Es curioso: mientras en las Españas siguen sucediendo (o sabiéndose que sucedieron) cosas tremendas que nos ilustran sobre la degradación del sistema y la naturaleza corrupta de buena parte del establishment, existe una notable tendencia a establecer ruidosos y obsesivos debates públicos sobre temas menores, auténticas chorradas que jamás debieran transcender los anecdotarios o los breves. Supongo que tal circunstancia tiene que ver con dos fenómenos coincidentes. Uno es la traslación a las tertulias políticas del modelo creado por las salsas rosas y los chiringuitos de jugones: todo por el espectáculo. Otro aún es más obvio: la aparición de Podemos.

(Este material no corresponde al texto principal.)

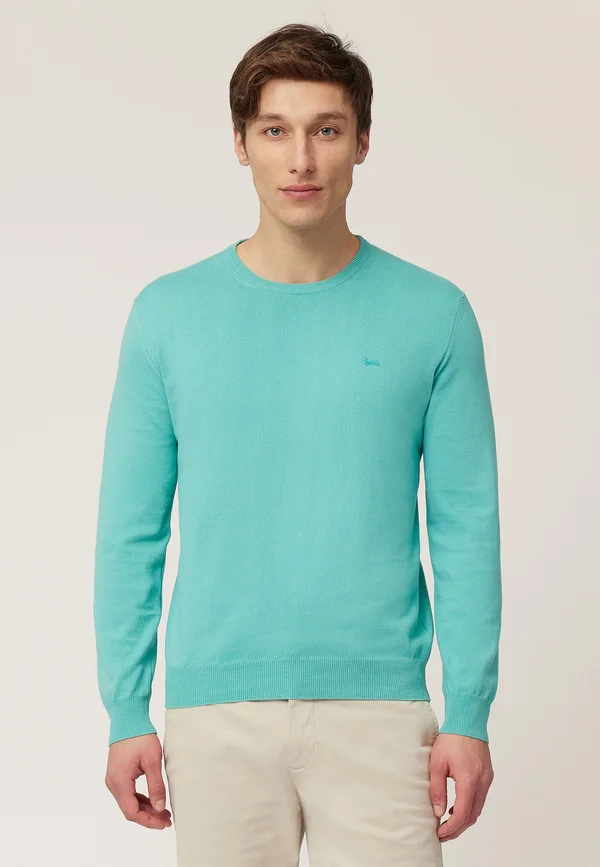 MANICA LUNGA - Strickpullover - verde chiaro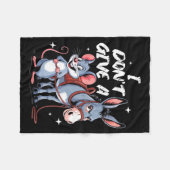 I Don't Give A Rats Mouse &amp; Funny  Fleece Deken (Voorkant (Horizontaal))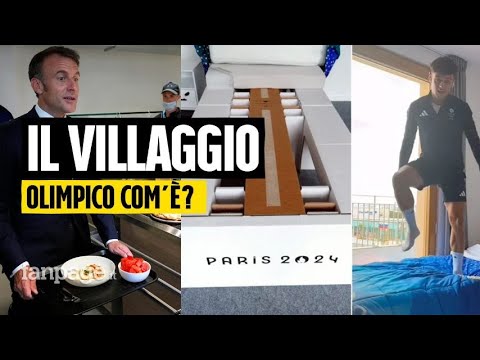 Letti di cartone, acqua con sapore strano: com’è il villaggio olimpico di Parigi 2024?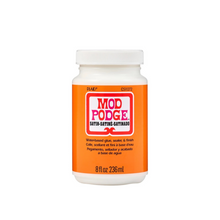 Load image into Gallery viewer, Container of Mod Podge Decoupage Glue Sealer and Finish on white background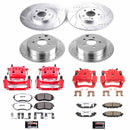 PowerStop Z26 Street Performance Ceramic Brake Pad, Drilled Slotted Rotor, and C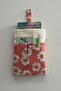 Daisy Patterned Linen Book Cover with Pockets, Gift for Book Lovers - 4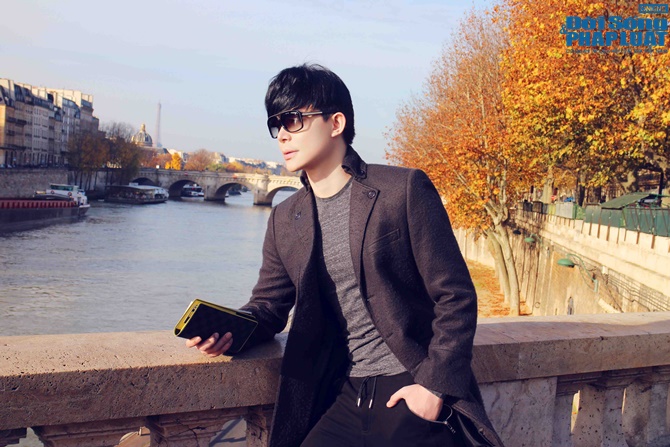 Nathan Lee diện cả cây hàng hiệu dạo phố Paris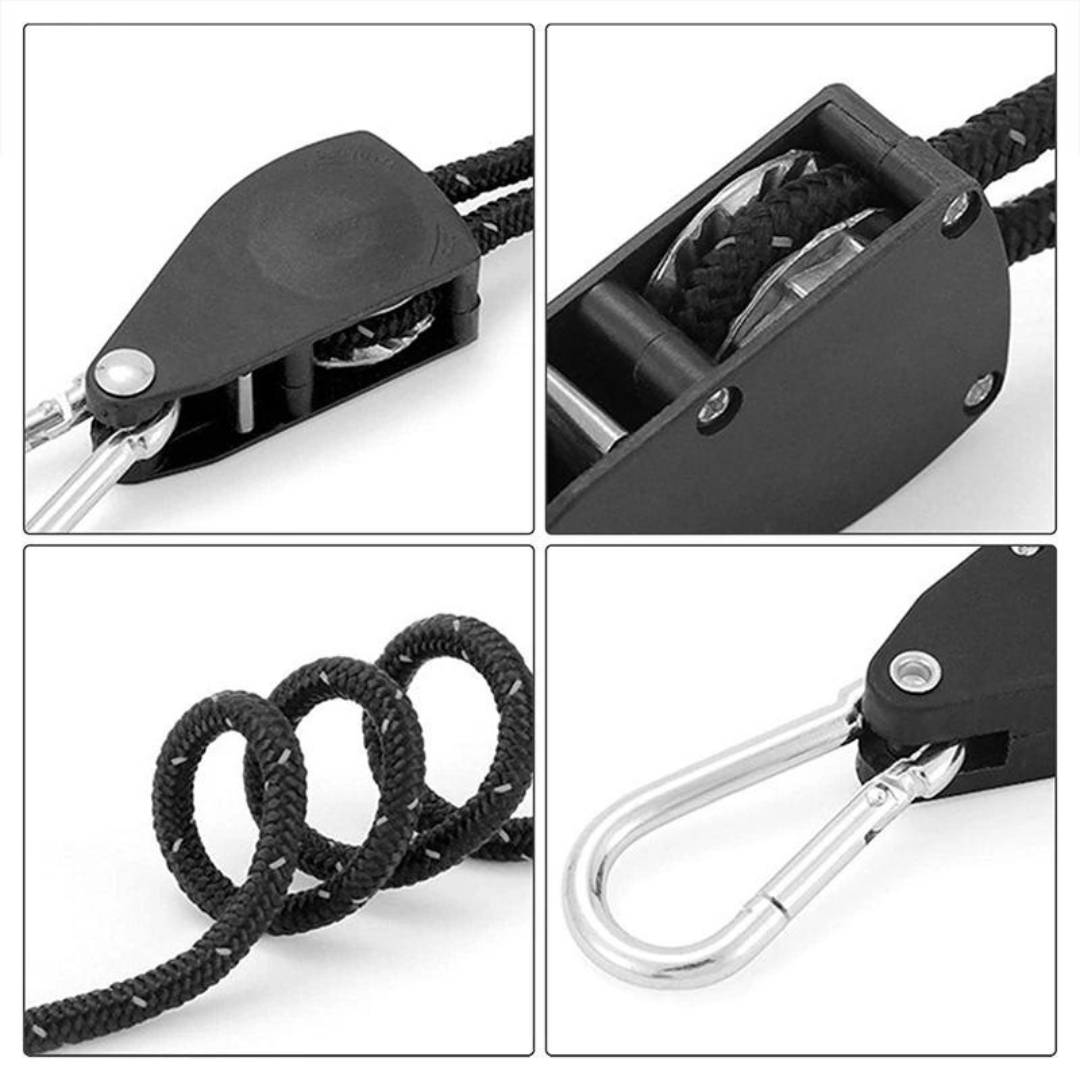 CampingRope - Verstelbaar Katrol Camping Touw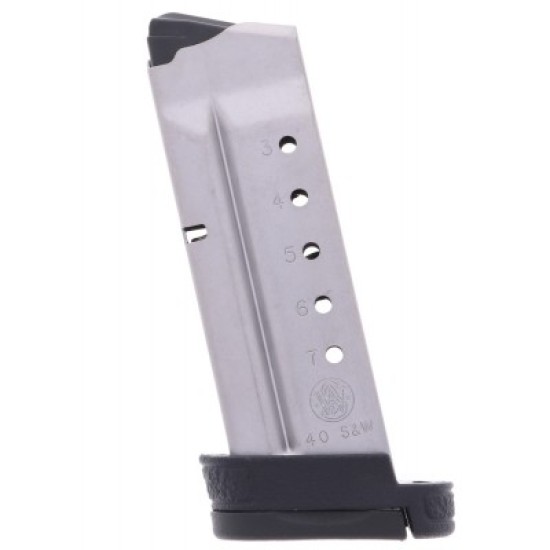 Smith & Wesson Magazines - S&W M&P Shield 40 S&W 7-Round Stainless Steel Factory Magazine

De esta forma, los medios audiovisuales, pero también la prensa, han acabado sacándole punta a la cocacola del uno, el acondicionador de pelo del otro, los desplantes de Monedero, el tramabús o la jota que cantaba Echenique. No digo que algunos de tales sucedidos no tengan su retranca. Pero chirrían al compartir titulares con estafas superlativas, enormes e impunes robos al erario, escándalos, imputaciones y otras barbaridades (¡que tenemos a dos exvicepresidentes del Gobierno a punto de caramelo!). Aunque, claro, es más fácil polemizar sobre cuestiones simples y accesibles como la compra-venta de una VPO, que sobre la evolución del rescate bancario o sobre la ruina de tantas cajas de ahorro (que por cierto no se debió solo a los sueldazos de sus directivos, sino sobre todo a oscuras operaciones de riesgo).

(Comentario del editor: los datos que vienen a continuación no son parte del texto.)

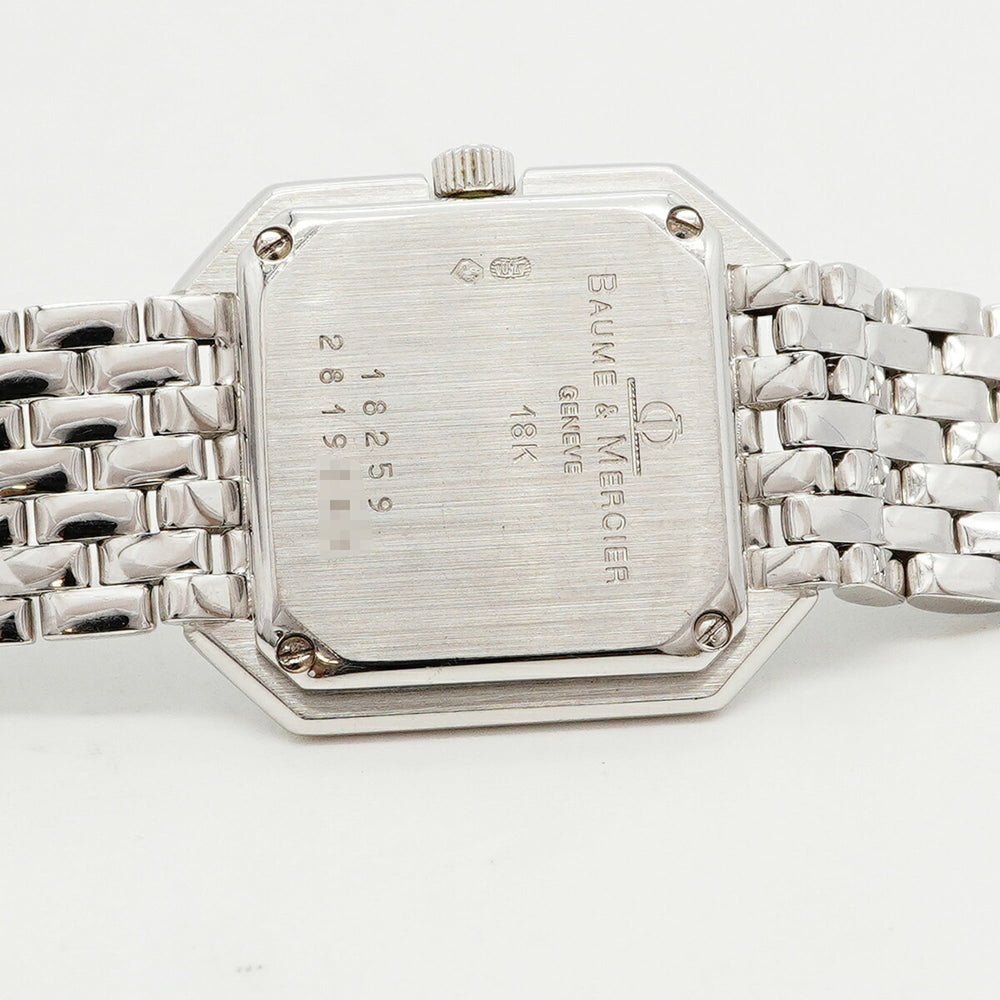 Baume & Mercier 750 WG 18259 White Dial Women's Watch — Good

Por otra parte, Podemos es un partido prácticamente virgen. Apenas ha podido hacer el tonto en algunos grandes ayuntamientos y en modo alguno es responsable de los desastres que aquejan a la administración del interés público. O sea, que para meterle caña hay que sacar punta a cualquier cosa o memez que tenga que ver con sus dirigentes, cuadros, militantes y perroflautas en general. Así, incluso ha surgido un curioso argumento para el debate: es preferible --decía Marhuenda-- que gobiernen los corruptos a que lo hagan los populistas. Y en estas andamos.